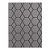 Tapete para Sala Funcional Hexagonal 52 Grafite 1,50X2,00M - Imagem 1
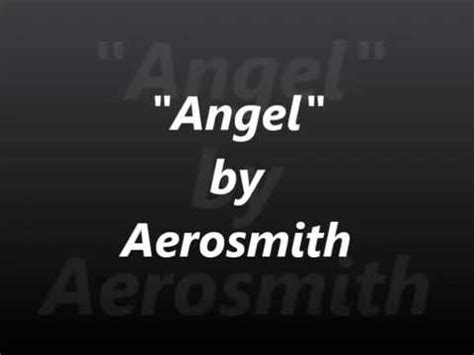 "Angel" by Aerosmith (Lyrics included) - YouTube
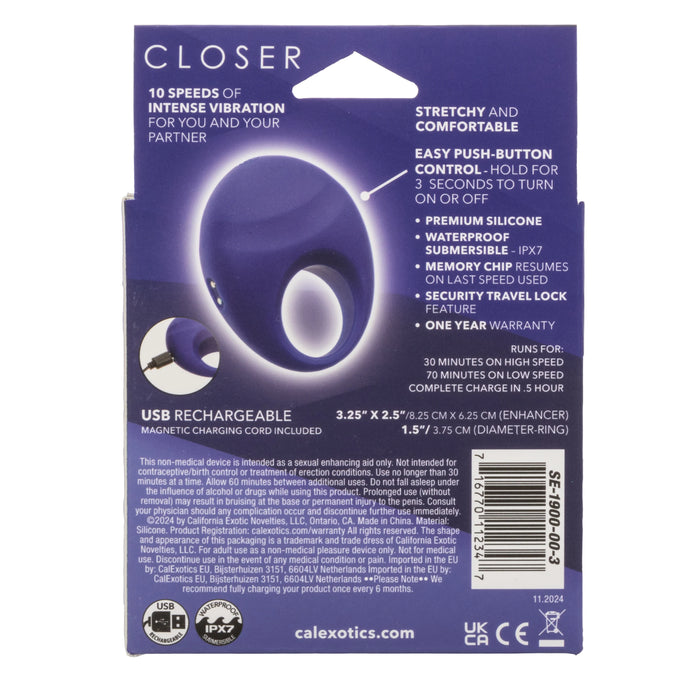 Closer Intimate Rechargeable Ring Embrace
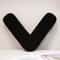 I Love U Soft Seat Cushion Black English Letters Plush Pillow For Back Support Sofa Chair Plushie D 27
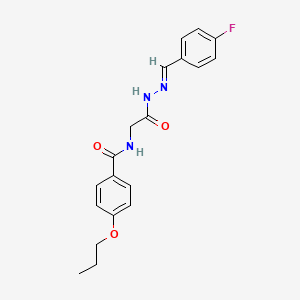 N-(2-(2-(4-Fluorobenzylidene)hydrazinyl)-2-oxoethyl)-4-propoxybenzamide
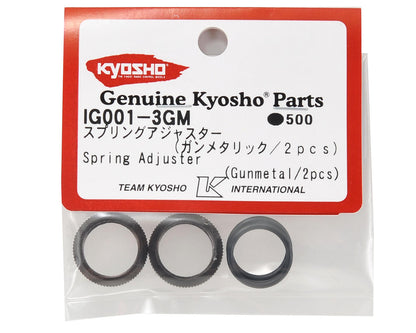 Kyosho Big Bore Shock Spring Pre-Load Collar Set (Gunmetal) (2)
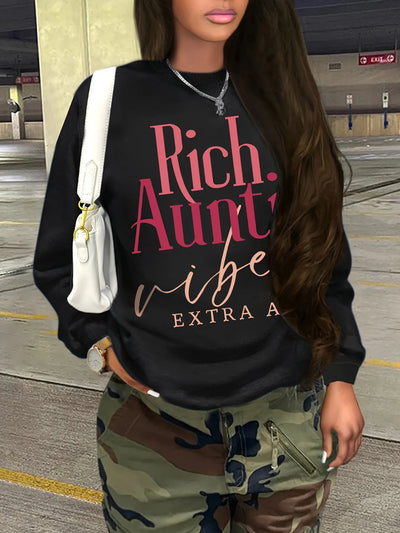 Rich Aunt Vibe Sweatshirt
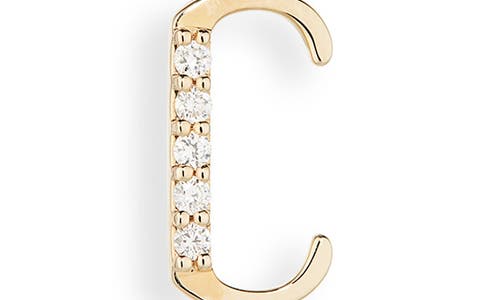 Lana 14k Gold Diamond Initial Single Stud Earring In Gold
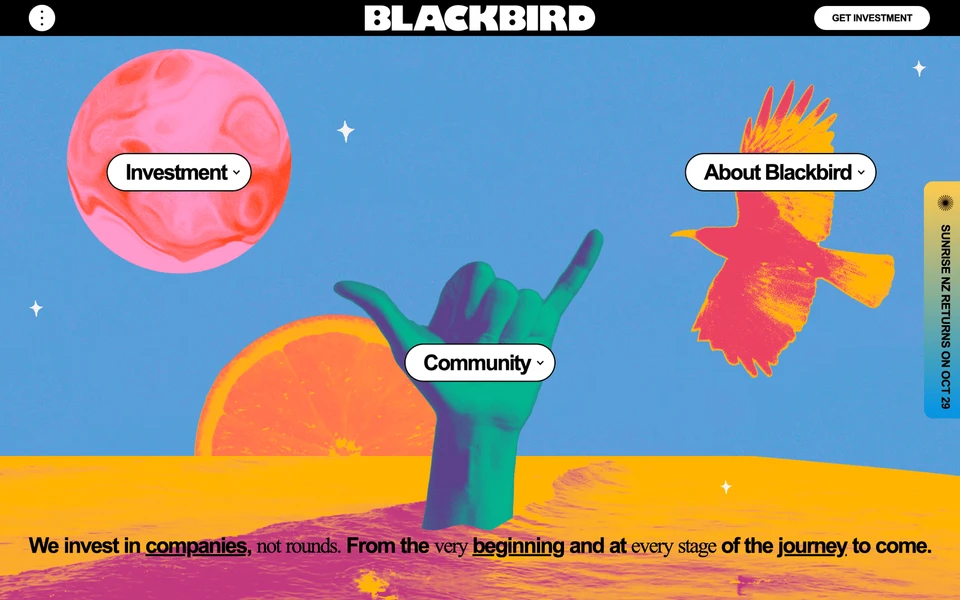 Screenshot of Blackbird.vc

· · · ·

> **What you need to do**
Word for word, restate the lines from the one containing "Kyosho Big Bore" through the end of the listing, and nothing more. Skip the pictures.

> **Answer for the task**
 Kyosho Big Bore Shock Spring Pre-Load Collar Set (Gunmetal) (2)
 Rich Aunt Vibe Sweatshirt
 Lana 14k Gold Diamond Initial Single Stud Earring In Gold
 Screenshot of Blackbird.vc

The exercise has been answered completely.